*** MATERIAL FOR THE TASK Section Begins ***

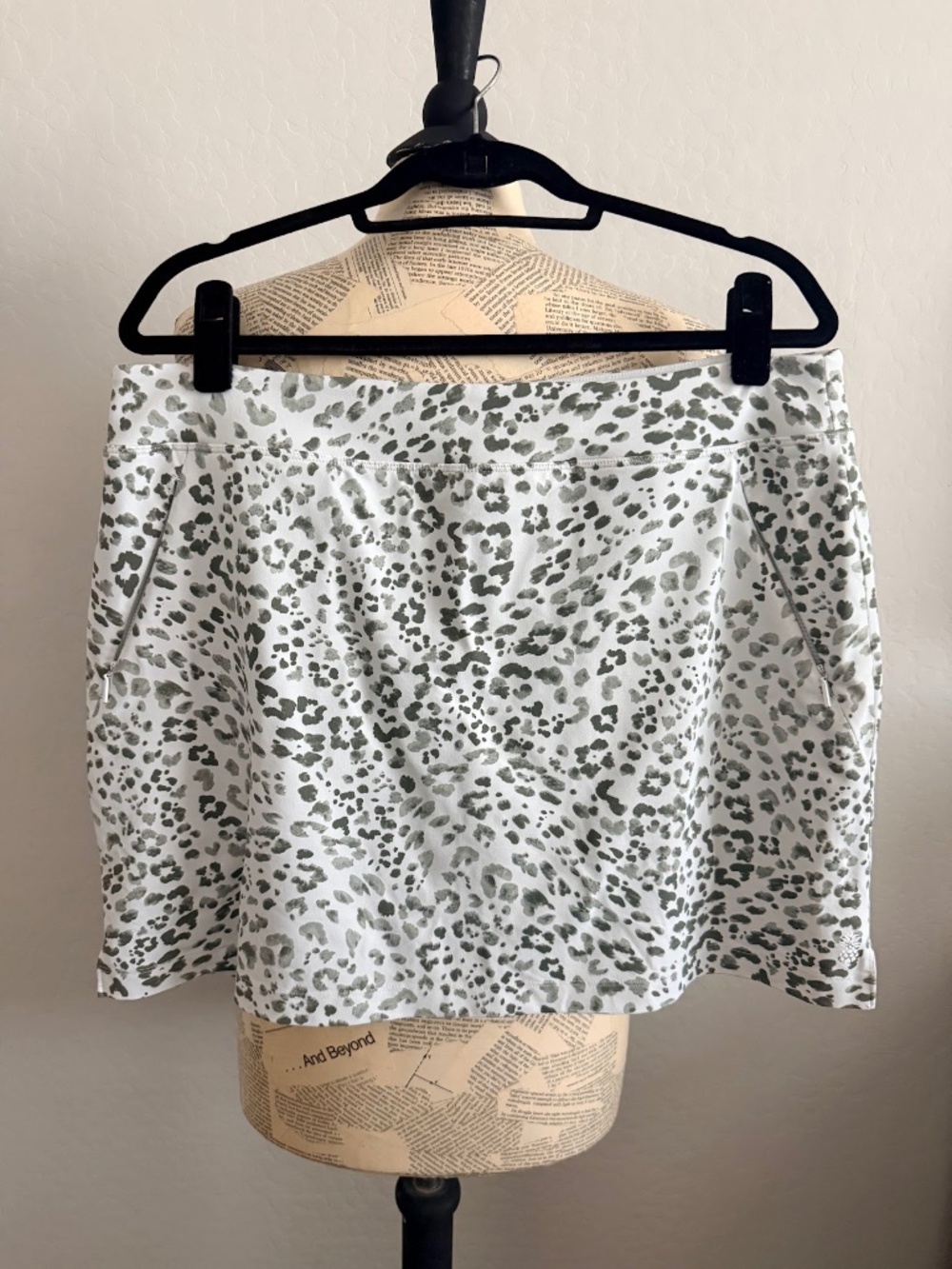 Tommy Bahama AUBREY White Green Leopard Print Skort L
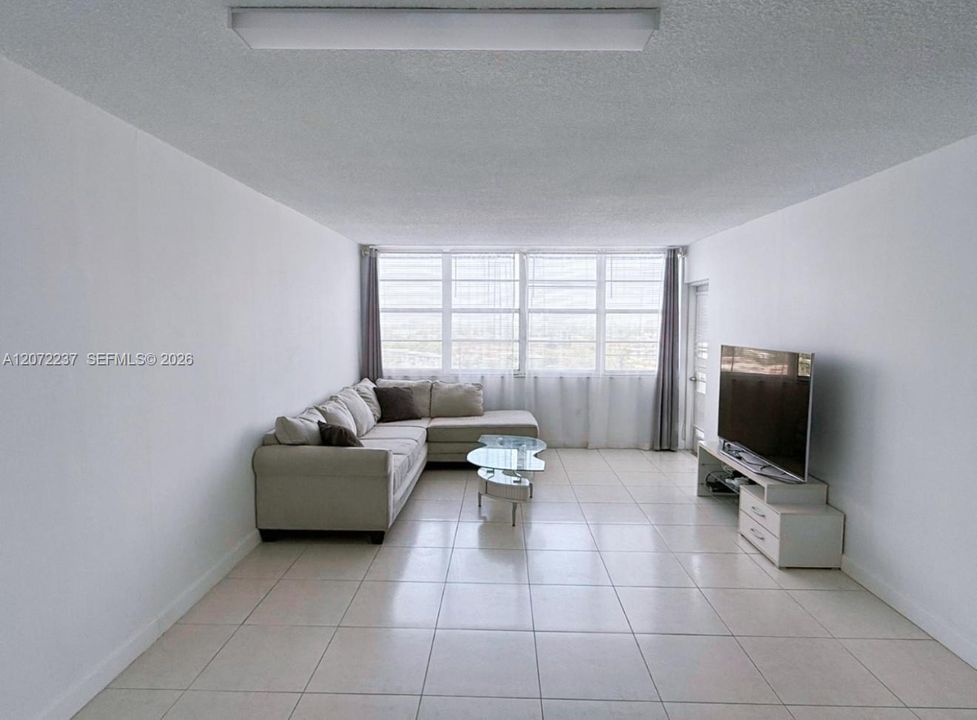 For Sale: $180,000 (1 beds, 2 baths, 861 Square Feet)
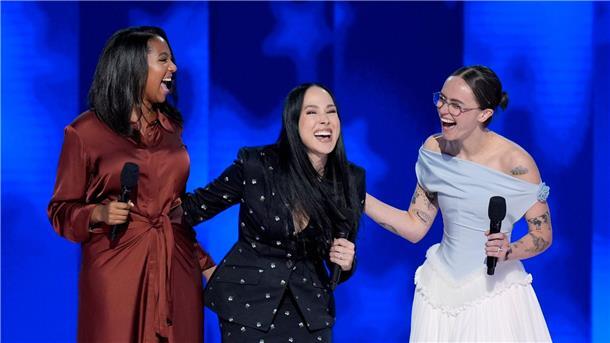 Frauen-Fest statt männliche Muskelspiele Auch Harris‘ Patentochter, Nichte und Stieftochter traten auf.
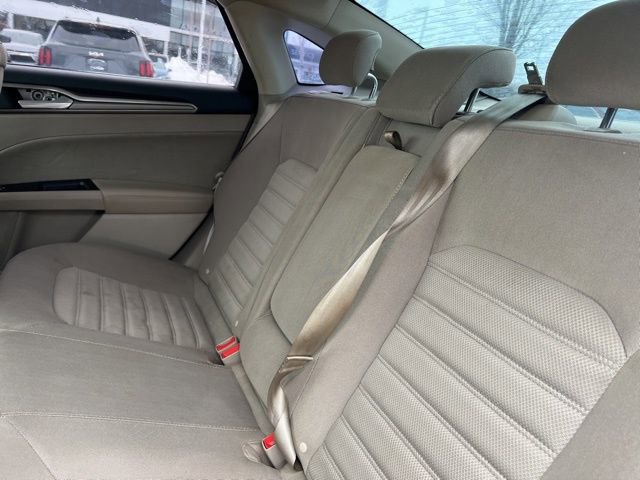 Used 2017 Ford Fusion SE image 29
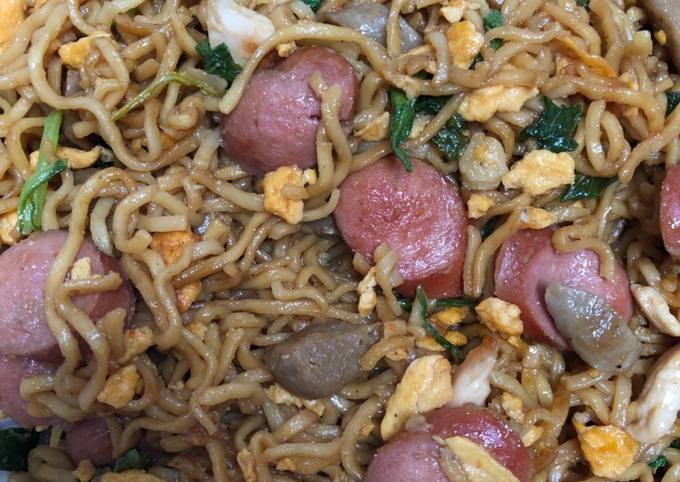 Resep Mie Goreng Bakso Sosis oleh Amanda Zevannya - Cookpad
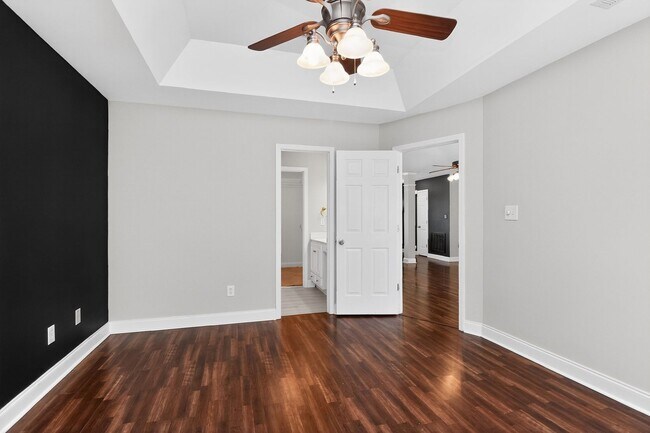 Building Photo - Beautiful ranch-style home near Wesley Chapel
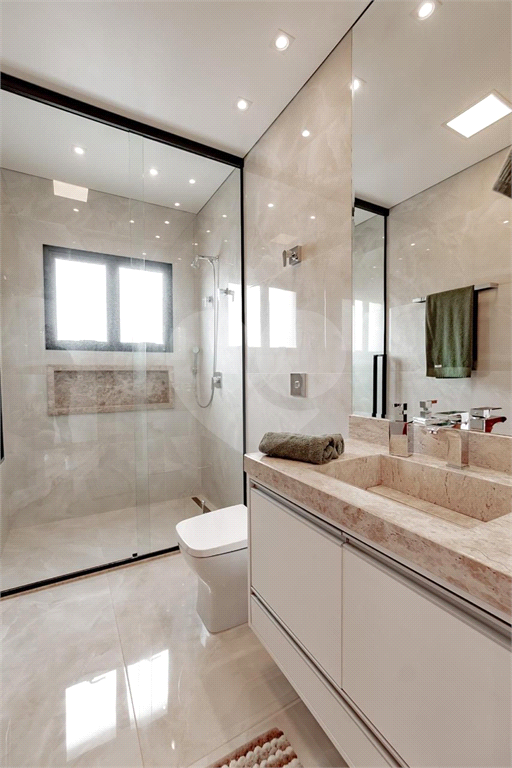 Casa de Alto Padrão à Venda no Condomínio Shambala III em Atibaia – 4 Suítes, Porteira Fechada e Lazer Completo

*** MATERIAL FOR THE TASK Section Ends ***

DIRECTIONS: Reproduce the entries above without change, omitting all pictures.

ANSWER TO THIS PROBLEM:
 Tommy Bahama AUBREY White Green Leopard Print Skort L
 For Sale: $180,000 (1 beds, 2 baths, 861 Square Feet)
 Frauen-Fest statt männliche Muskelspiele Auch Harris‘ Patentochter, Nichte und Stieftochter traten auf.
 Used 2017 Ford Fusion SE image 29
 Resep Mie Goreng Bakso Sosis oleh Amanda Zevannya - Cookpad
 Building Photo - Beautiful ranch-style home near Wesley Chapel
 Casa de Alto Padrão à Venda no Condomínio Shambala III em Atibaia – 4 Suítes, Porteira Fechada e Lazer Completo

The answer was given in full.